### Problem description
Your copy of the entries below should hold exactly the lines from the one containing "Pictured here is" to the one containing "Jimothy Seattle Raccoon", inclusive, and no pictures.

### Record excerpts
%%
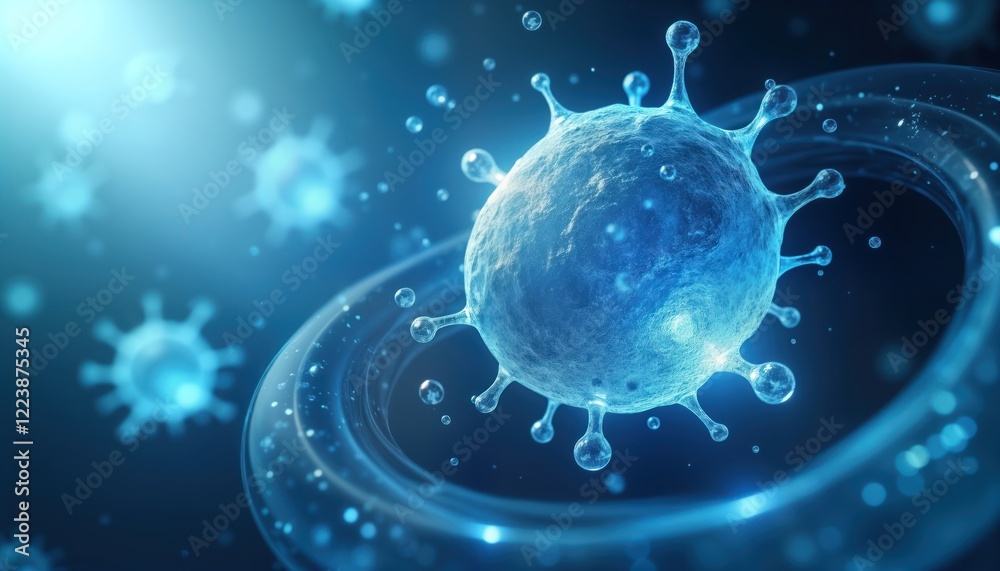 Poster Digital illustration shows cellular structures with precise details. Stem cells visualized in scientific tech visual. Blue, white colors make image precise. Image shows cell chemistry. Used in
%%
%%
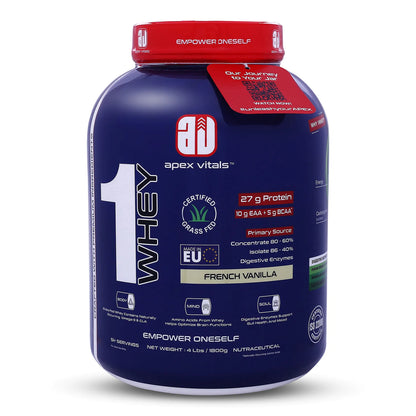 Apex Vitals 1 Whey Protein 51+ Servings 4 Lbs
%%
%%
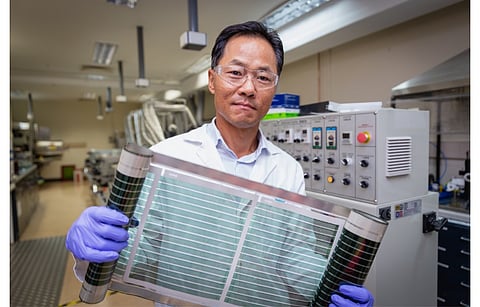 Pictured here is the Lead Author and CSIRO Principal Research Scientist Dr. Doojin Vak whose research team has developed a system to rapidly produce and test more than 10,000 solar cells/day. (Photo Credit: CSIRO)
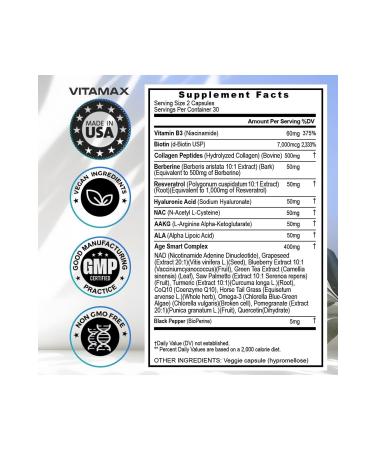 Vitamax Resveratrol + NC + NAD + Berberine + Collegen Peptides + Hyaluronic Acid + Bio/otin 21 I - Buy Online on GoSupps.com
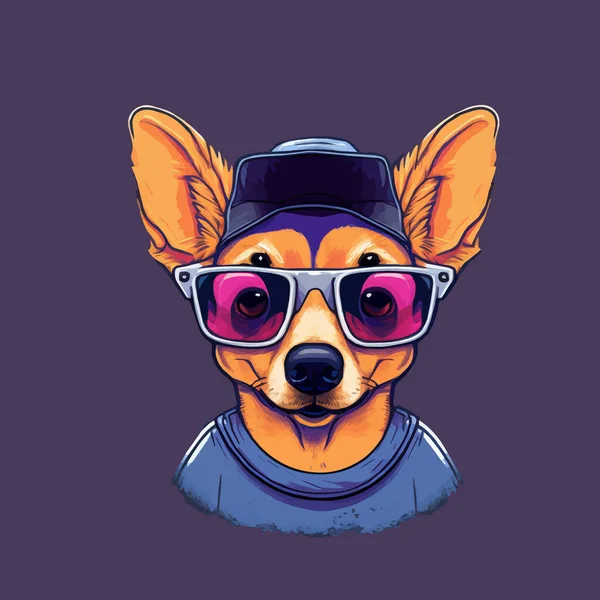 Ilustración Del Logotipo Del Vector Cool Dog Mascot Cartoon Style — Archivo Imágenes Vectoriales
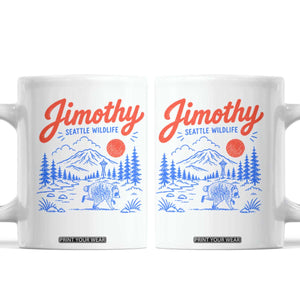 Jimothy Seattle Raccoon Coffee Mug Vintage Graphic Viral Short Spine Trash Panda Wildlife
%%
### Answer to this problem
 Pictured here is the Lead Author and CSIRO Principal Research Scientist Dr. Doojin Vak whose research team has developed a system to rapidly produce and test more than 10,000 solar cells/day. (Photo Credit: CSIRO)
 Vitamax Resveratrol + NC + NAD + Berberine + Collegen Peptides + Hyaluronic Acid + Bio/otin 21 I - Buy Online on GoSupps.com
 Ilustración Del Logotipo Del Vector Cool Dog Mascot Cartoon Style — Archivo Imágenes Vectoriales
 Jimothy Seattle Raccoon Coffee Mug Vintage Graphic Viral Short Spine Trash Panda Wildlife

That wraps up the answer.